DiffS-NOCS: 3D Point Cloud Reconstruction through Coloring Sketches to NOCS Maps Using Diffusion Models
This addresses the challenge of accurate 3D reconstruction from sparse sketches for applications in computer vision and graphics, representing an incremental improvement over existing methods.
The paper tackles the problem of reconstructing 3D point clouds from 2D sketches by proposing DiffS-NOCS, which uses a diffusion model to generate NOCS maps from sketches and then combines them into point clouds, achieving controllable and fine-grained reconstruction as demonstrated on ShapeNet.

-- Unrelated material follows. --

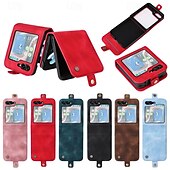 cheap Samsung Cases-Phone Case For Samsung Galaxy Z Flip 5 Z Flip 4 Z Flip 3 Back Cover with Stand Holder Card Slot Shockproof Retro TPU PU Leather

Reconstructing a 3D point cloud from a given conditional sketch is challenging. Existing methods often work directly in 3D space, but domain variability and difficulty in reconstructing accurate 3D structures from 2D sketches remain significant obstacles. Moreover, ideal models should also accept prompts for control, in addition with the sparse sketch, posing challenges in multi-modal fusion. We propose DiffS-NOCS (Diffusion-based Sketch-to-NOCS Map), which leverages ControlNet with a modified multi-view decoder to generate NOCS maps with embedded 3D structure and position information in 2D space from sketches. The 3D point cloud is reconstructed by combining multiple NOCS maps from different views. To enhance sketch understanding, we integrate a viewpoint encoder for extracting viewpoint features. Additionally, we design a feature-level multi-view aggregation network as the denoising module, facilitating cross-view information exchange and improving 3D consistency in NOCS map generation. Experiments on ShapeNet demonstrate that DiffS-NOCS achieves controllable and fine-grained point cloud reconstruction aligned with sketches.